In September 1944 he joined Stan Kenton’s Artistry In Rhythm orchestra in the jazz alto chair. Boots said at the time, “Kenton’s arrangements seemed to open up the chords making them sound fuller, richer and more colourful than jazz ever sounded before”. Michael Sparke in his definitive Kenton biography had this to say about him, “Boots was a full-toned, skilful soloist in the Benny Carter tradition who would play an increasingly important role in the band over the next few years. Mussulli was one of the giants of the Artistry orchestra”. He was heavily featured during his first stay with the band which lasted until April 1947 and Balboa Bash, Concerto To End All Concertos, The Man I Love, Southern Scandal, Summertime, Tea For Two, Intermission Riff and Two Moose In A Caboose are all fine examples of his work with Kenton. The latter also featured his good friend Vido Musso who sat next to him in the section. They roomed and hung out together on the road and being heavy-set men of Italian descent, the band referred to them as “the Mafia”.  Musso was apparently not a great reader so would depend on his friend to help him out from time to time. During his time with Kenton, Mussulli was regularly included in the Downbeat and Metronome alto polls. His highest placing was fourth in 1946 and again in 1947. 


Intermission Riff was essentially a head arrangement and remained in the book until its final flowering in 1972 when it was recorded at London’s Fairfield Hall. Al Anthony the lead alto described the genesis of this Kenton classic to Sparke – “Between shows at the Paramount Theatre in New York, Ray Wetzel and the guys would blow to get their chops in shape. He got a riff going and a few days later some trombones joined in. Boots came up with a reed counter-melody and over the weeks we kept adding and adding and voila! We had a great chart that we played on shows and finally recorded in 1945”. It can be heard on Youtube together with Mussulli’s The Man I Love feature. Boots appeared in two brief Kenton films – Artistry In Rhythm (1944) for Universal when Stan Getz was in the section and Let’s Make Rhythm (1947) for RKO. He can also be seen with the band In Talk About A Lady, a full-length 1945 Columbia release featuring Forrest Tucker and the now forgotten Jinx Falkenburg. 

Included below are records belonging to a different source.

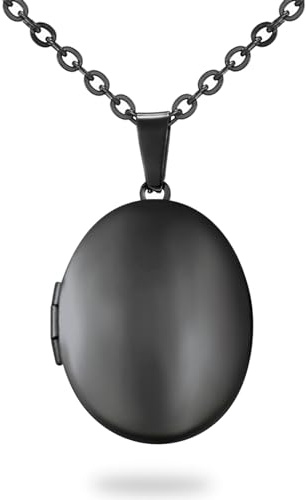 PHOCKSIN Collar con relicario de corazón para niñas, relicarios de plata para mujeres como regalos de cumpleaños con texto grabado, relicario con foto que sostiene imágenes, Acero inoxidable, No es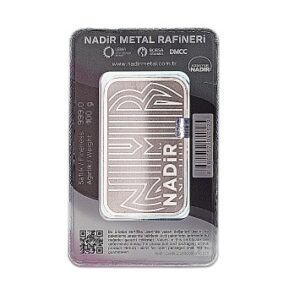 Nadir Metal Rafineri, 100 Gram Silver Minted Bar in Assay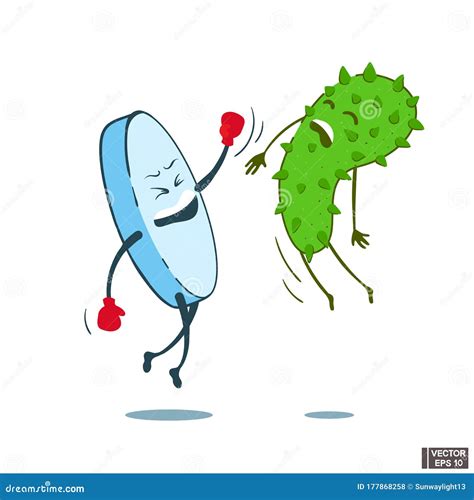 Pill Defeats the Bacterium. Antibiotic Against the Disease Stock ...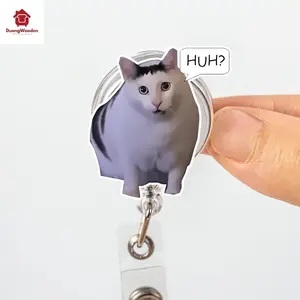 Funny Huh Cat Meme Badge Reel, Viral Cat Clip Gift for Cat Lovers and Meme Fans, Cute Chubby Kitty ID Holder for Nurses and Office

His final solo with the Artistry In Rhythm orchestra was The Fatal Apple on 1 April 1947. The following month Kenton disbanded and then reformed in September under the Progressive Jazz banner. The leader wanted Boots for his ambitious new band but he listened to Rose, his wife who said at the time, “It was fun but living on trains and buses got to be too much”.


He joined Vido Musso’s All-Stars for a two month engagement at Chicago’s Hotel Sherman beginning in June 1947. It was an eight piece group that included Ray Wetzel (later replaced by Buddy Childers) and Kai Winding (later replaced by Earl Swope). Eight titles were recorded on LP (Unique Jazz U36) but have never been released on CD. He was with Gene Krupa for a while in 1948 but did not record with the band. The following year Charlie Ventura recruited him for his Bop For The People group where he took over from Charlie’s brother Ben on baritone and alto. Along with Conte Candoli, Bennie Green, Jackie Cain and Roy Kral the band had enormous appeal breaking attendance records at the Royal Roost. Ronnie Scott heard them at one of the clubs on 52nd. Street and “marvelled at the atmosphere” they created. In 1948 Bop For The People took over from the Nat King Cole trio as Number One in Downbeat’s small combo section and the following year it won the Orchestra World and Metronome polls. Kral did most of the writing and the clever blending of the horns with Jackie and Roy’s voices gave the ensemble its unique appeal.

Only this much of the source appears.